‘Drag Race’ Runner-Up Kandy Muse on Why She’s Still a Winner, Baby

Kandy Muse performs in the 'RuPaul's Drag Race All Stars' Season 8 finale
Q&A
World of Wonder/Paramount+

“You’re a winner, baby!” That famous RuPaul line may not have been said to RuPaul’s Drag Race All Stars Season 8 runner-up Kandy Muse, but she feels like a winner nonetheless.

The New York-based queen came in second place on RuPaul’s Drag Race for a second time in the Friday, July 21 finale on Paramount+, but she tells TV Insider that knowing RuPaul is her biggest fan feels like a crown in and of itself (though I’m sure the $200,000 cash prize also would have been nice). Mama Ru expressed her love of Kandy two separate times in the All Stars Season 8 finale. That love was clear in Kandy’s original season (Season 13) as well, when Ru sent Kandy packing and then changed her mind seconds before Kandy took her final step off the runway.

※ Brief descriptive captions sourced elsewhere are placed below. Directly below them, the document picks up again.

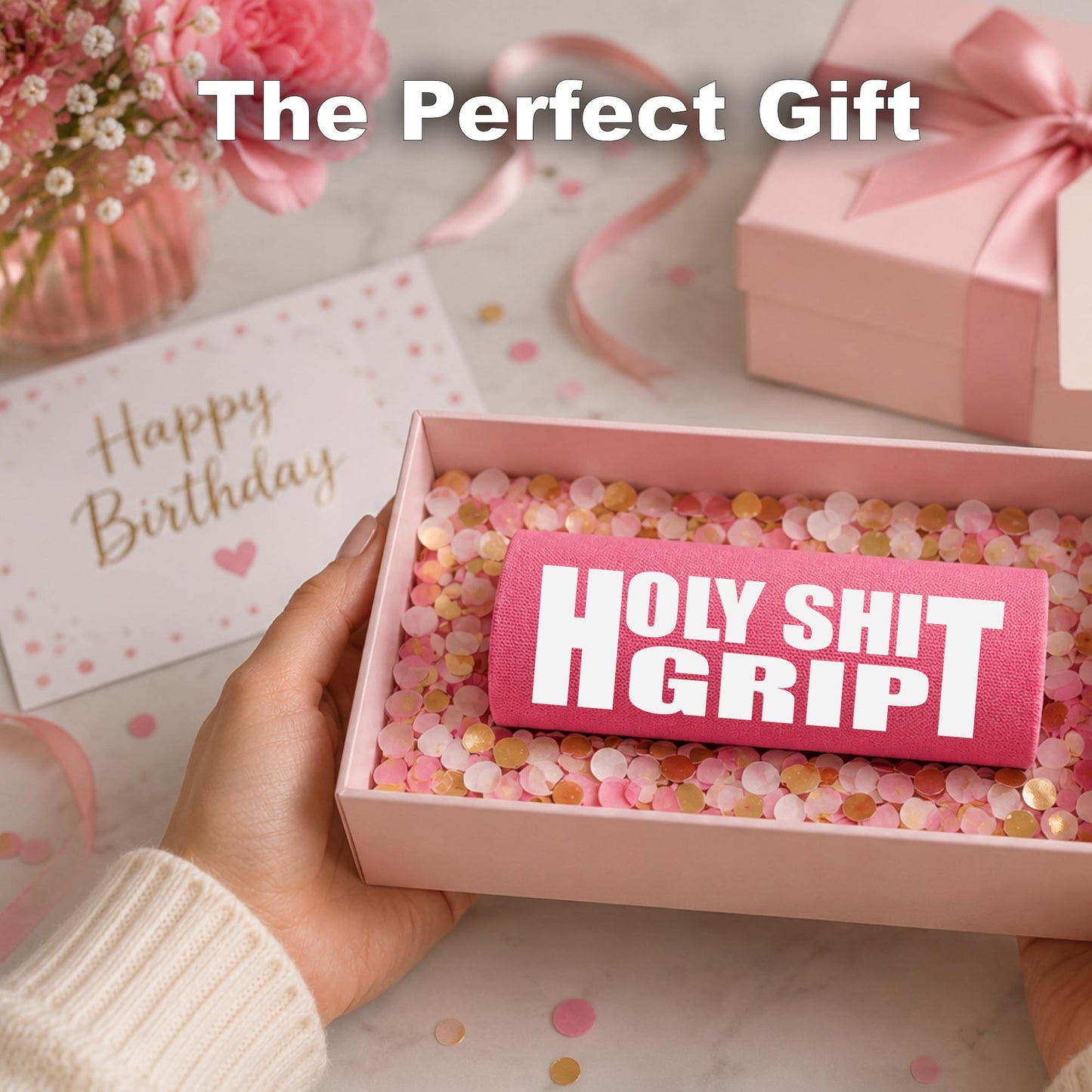 Holy Sh*t Grip – Funny Car Grab Handle Cover, Interior Accessory made for Car Lovers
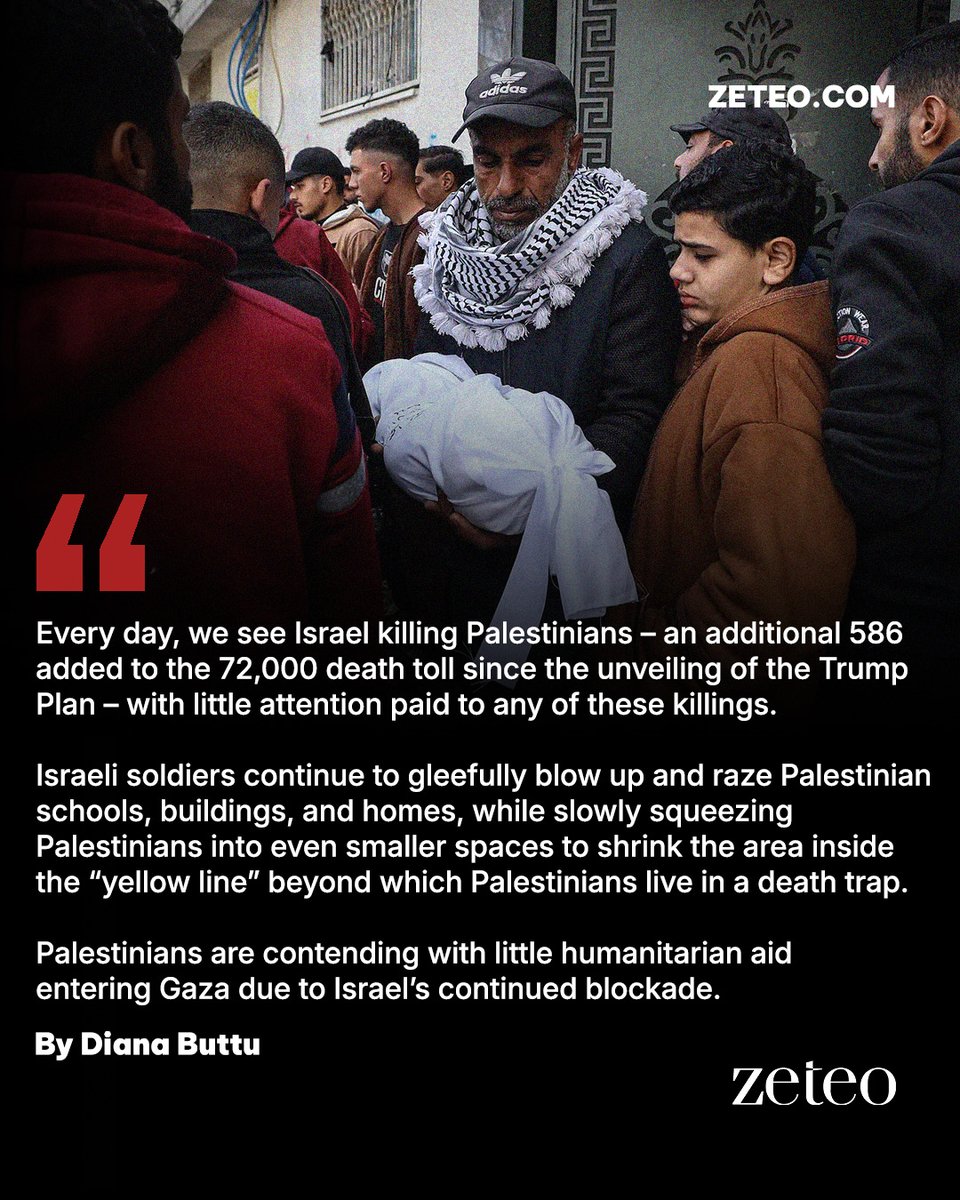 zeteo_news's tweet image. “The focus is on forgetting – pretending that genocide did not happen.”

Palestinian human rights lawyer @dianabuttu writes how Israel continues to brutalize Palestinians as the rest of the world moves on from Gaza.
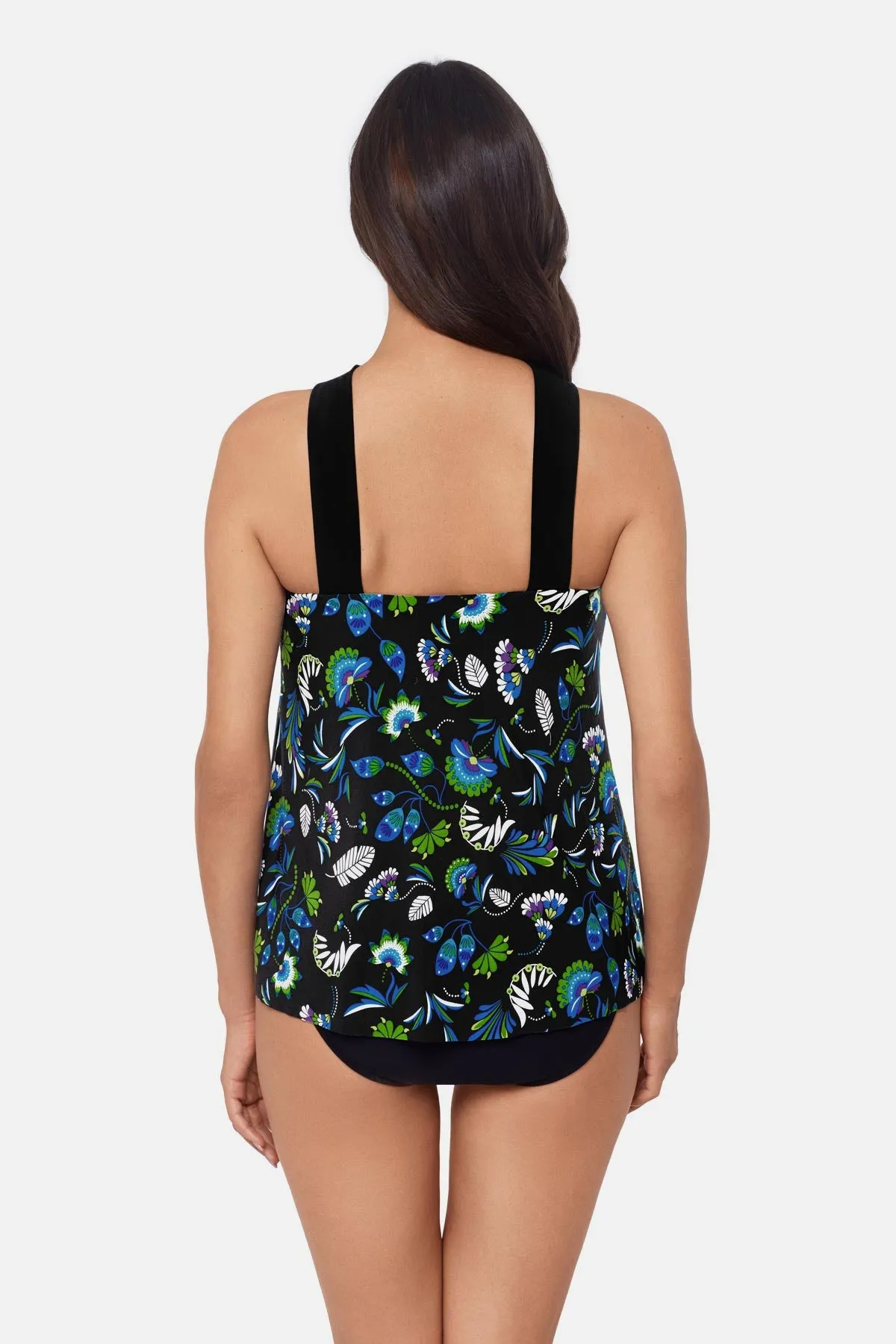 Faye Tankini Top in Taj Mahal sold by Miraclesuit product image thumbnail 4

Kandy tells TV Insider she didn’t expect a last-minute plot twist from Ru like that in All Stars. But she was aware all season long that Ru seemingly playing favorites could affect her ability to stay in the game. (It gave winner Jimbo moments of doubt in the finale as well. Check out our chat with the victor here.) Thankfully, Kandy told us, she and the other queens were well aware that Ru’s fandom doesn’t mean she’s giving someone special treatment in the competition.

Here, Kandy breaks down her second Drag Race run.

Congratulations on finishing second place in the season. I know it’s not the ideal outcome, but it’s still incredible.

Kandy Muse: Thank you! You know, I knew going into the finale there was a 50-50 chance on what the outcome was gonna be, and honestly, I was happy with either one. Obviously, the crown would’ve been amazing, but I’m so happy to be the runner up — again! [Laughs]

You came into this season knowing that RuPaul was such a huge fan of yours, and she even said so in the finale. How does it feel to have that validation from RuPaul?

She said it not once, but twice in the finale, so that feels incredible. I knew throughout the season, we filmed a lot of stuff with RuPaul. [She] made it very apparent to the other girls that she was a very big fan of mine [Laughs]. So, that felt amazing. And then in the finale, once Ru said, “I think I’m your biggest fan,” I was like, you know what? Win or lose the crown, that is my crown. The fact that RuPaul is a huge fan of mine, I can leave here knowing, OK, I came, I conquered, and the person who has created an income for drag queens is a huge fan of mine. I can leave here happy.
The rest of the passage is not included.